English Section

Panel to discuss Polish culture in London

27.06.2023 08:30
A panel discussion under the motto “Poles Apart – Bringing Cultures Together” is set to be held at the Feliks Topolski Studio in London on Tuesday.
Feliks Topolski, pictured in Warsaw in 1948.
Feliks Topolski, pictured in Warsaw in 1948.Photo: PAP/CAF

Organised jointly by the Topolski Memoir Charity and the Granville-Skarbek Anglo-Polish Cultural Exchange, the debate aims to look at what the organisers say is “the chronic underrepresentation of the culture and the arts of one of the UK’s largest diasporas in the British media and cultural institutions.”

The panelists include Marta de Zuniga, director of the Polish Cultural Institute in London.
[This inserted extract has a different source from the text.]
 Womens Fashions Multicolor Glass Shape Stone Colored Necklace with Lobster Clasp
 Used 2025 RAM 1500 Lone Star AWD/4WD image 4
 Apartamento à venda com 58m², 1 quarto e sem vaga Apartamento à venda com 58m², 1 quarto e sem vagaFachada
The participants in the event will have the opportunity to tour an exhibition of work by Feliks Topolski, a Polish expressionist painter and draughtsman who worked primarily in Britain.
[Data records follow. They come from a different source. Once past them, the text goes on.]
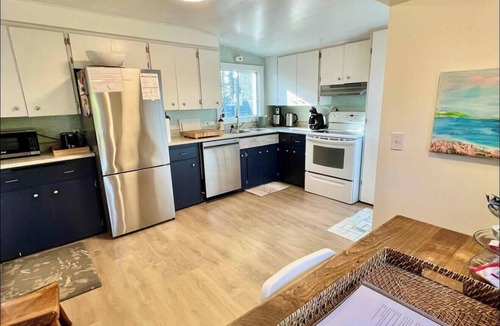 Halifax County House | Cleveland Beach Cottage-Private Beach Cottage w/Lake Access Hot Tub & Fire Pit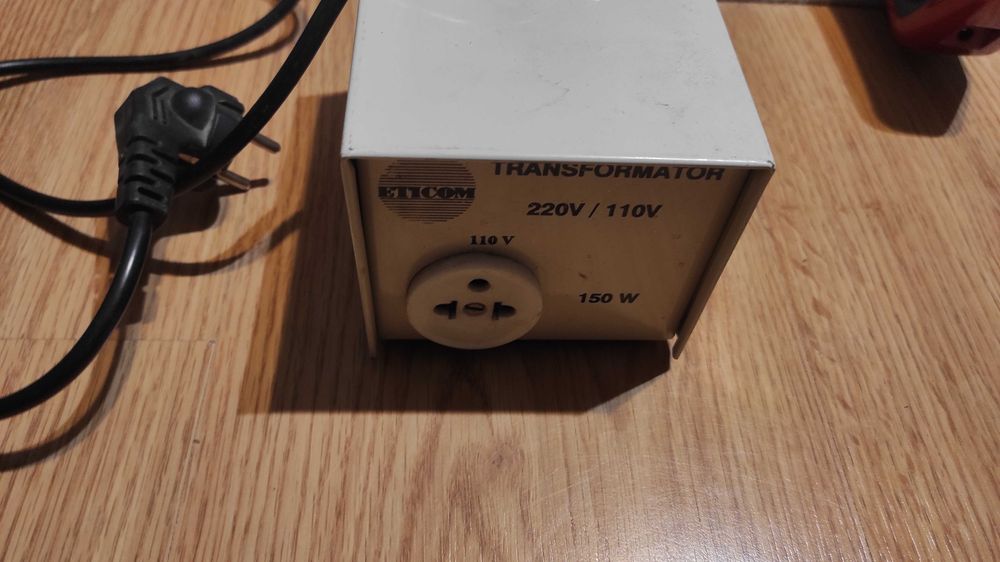 transformator alb traf de 110v din 220v face 110v 150w cu proba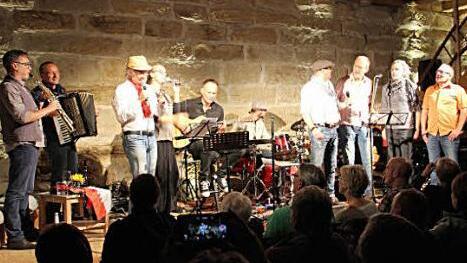 Viele Stars bestritten das Plauschkonzert am Putzenstein. Am Ende standen alle Künstler gemeinsam auf der Bühne. Foto: Katharina Müller-Sanke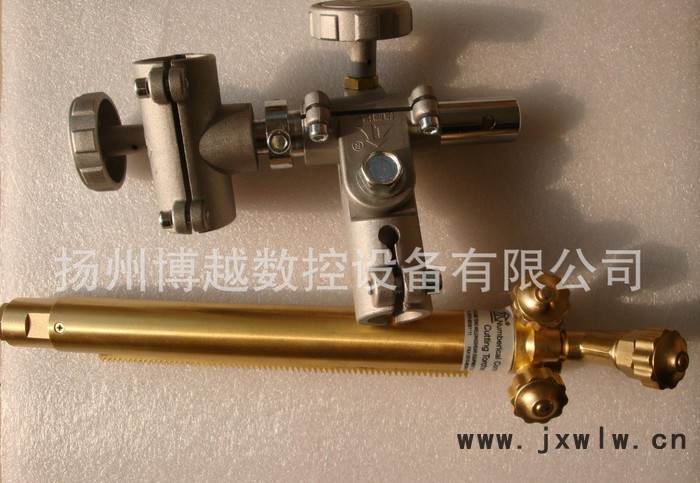 江蘇數(shù)控等離子切割機維修  火焰割據(jù) 切割機配件  安裝調試 等離子火焰切割機配件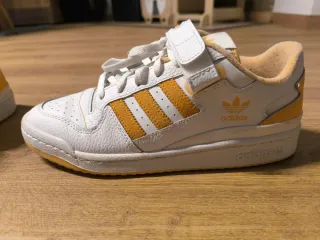 Adidas Forum Low Amber White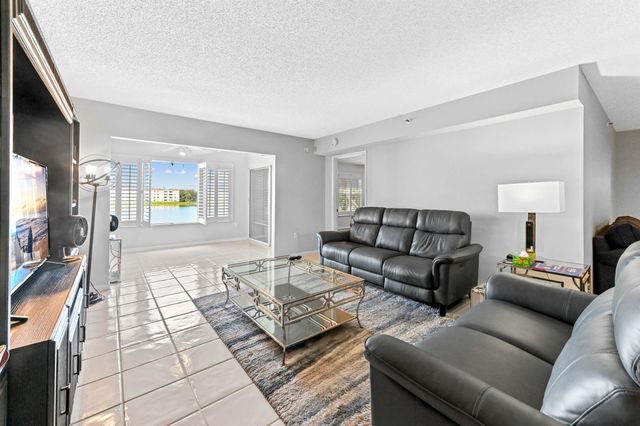 14096 Huntington Pointe Drive 305, Delray Beach, FL 33484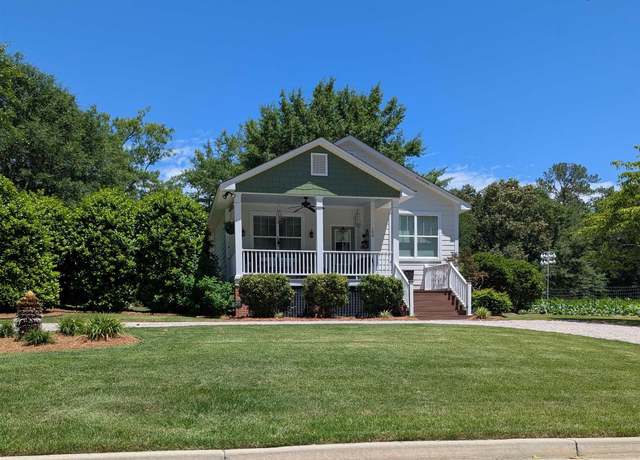 Property at 108 E Hampton, Camden, SC 29020, 3 beds, 2.5 baths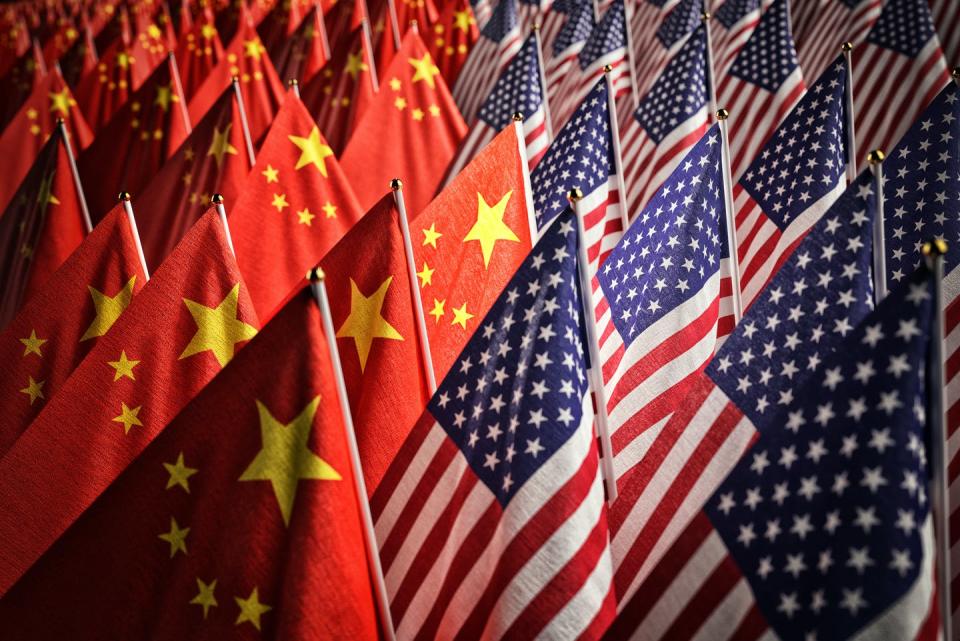   <span class="attribution"><a class="link " href="https://www.shutterstock.com/es/image-illustration/economic-trade-war-between-usa-china-1596094897" rel="nofollow noopener" target="_blank" data-ylk="slk:Shutterstock / cybrain;elm:context_link;itc:0;sec:content-canvas">Shutterstock / cybrain</a></span>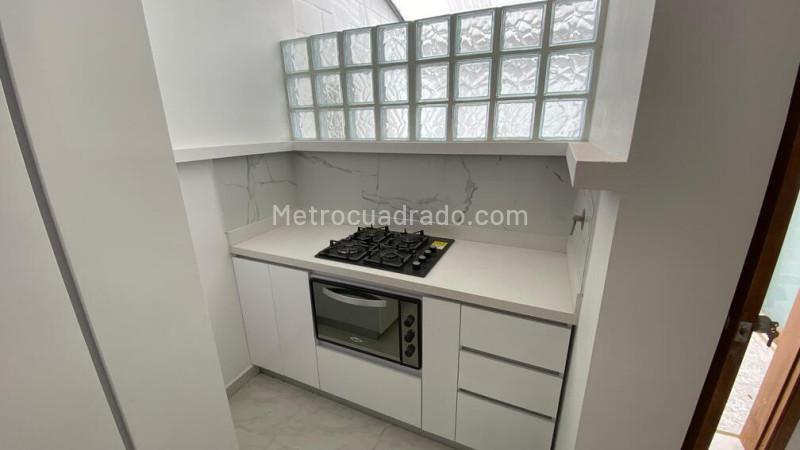 Casa de 4 Alcobas en Santa Mónica con 3 Baños y Parqueadero Cubierto - 4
The exhibition has reopened in the artist’s studio under the railway arches of Hungerford Bridge next to London's Royal Festival Hall, for the first time after his death in 1989.

Entitled Punks, Princes and Protests, it showcases Topolski’s lifelong commitment to reportage.

Topolski’s commission from the British government to record Queen Elizabeth’s coronation in 1953 became the impetus for his Chronicle.

Published between 1953 and 1979, this bimonthly broadsheet charted the world’s changing social, political and cultural movements of the 20th century.

Born in 1907, Topolski graduated from the Fine Arts Academy in Warsaw. Having settled in England in 1935, he became extremely popular as a portrait artist and war correspondent for the Polish and British press.